Start of Block

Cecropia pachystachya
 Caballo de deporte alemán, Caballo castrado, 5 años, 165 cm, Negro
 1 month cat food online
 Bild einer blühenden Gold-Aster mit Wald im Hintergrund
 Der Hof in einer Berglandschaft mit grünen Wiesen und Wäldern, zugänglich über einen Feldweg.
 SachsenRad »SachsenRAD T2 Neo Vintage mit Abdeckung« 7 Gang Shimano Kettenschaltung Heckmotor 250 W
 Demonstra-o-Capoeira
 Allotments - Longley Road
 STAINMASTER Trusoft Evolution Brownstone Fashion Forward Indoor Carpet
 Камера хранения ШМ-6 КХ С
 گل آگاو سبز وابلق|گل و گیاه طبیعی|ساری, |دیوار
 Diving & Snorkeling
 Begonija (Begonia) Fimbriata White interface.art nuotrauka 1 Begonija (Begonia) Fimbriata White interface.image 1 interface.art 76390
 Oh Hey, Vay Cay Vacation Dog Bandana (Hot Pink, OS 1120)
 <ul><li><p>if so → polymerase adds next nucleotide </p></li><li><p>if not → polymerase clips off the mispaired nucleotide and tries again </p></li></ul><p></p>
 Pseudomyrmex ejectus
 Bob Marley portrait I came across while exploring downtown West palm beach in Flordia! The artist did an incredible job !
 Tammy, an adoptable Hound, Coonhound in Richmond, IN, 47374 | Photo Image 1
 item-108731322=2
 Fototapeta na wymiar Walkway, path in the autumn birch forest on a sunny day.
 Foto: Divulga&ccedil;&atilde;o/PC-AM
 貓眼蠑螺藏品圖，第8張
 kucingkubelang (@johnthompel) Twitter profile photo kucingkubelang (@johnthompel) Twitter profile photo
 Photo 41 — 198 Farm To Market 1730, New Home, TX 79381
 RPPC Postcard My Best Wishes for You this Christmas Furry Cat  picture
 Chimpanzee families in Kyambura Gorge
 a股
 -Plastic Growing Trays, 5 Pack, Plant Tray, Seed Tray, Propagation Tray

End of Block

Task objective
I would like you to restate word for word the lines from the one with "item-108731322=2" through the last line of the material above, and only those.

Final answer
 item-108731322=2
 Fototapeta na wymiar Walkway, path in the autumn birch forest on a sunny day.
 Foto: Divulga&ccedil;&atilde;o/PC-AM
 貓眼蠑螺藏品圖，第8張
 kucingkubelang (@johnthompel) Twitter profile photo kucingkubelang (@johnthompel) Twitter profile photo
 Photo 41 — 198 Farm To Market 1730, New Home, TX 79381
 RPPC Postcard My Best Wishes for You this Christmas Furry Cat  picture
 Chimpanzee families in Kyambura Gorge
 a股
 -Plastic Growing Trays, 5 Pack, Plant Tray, Seed Tray, Propagation Tray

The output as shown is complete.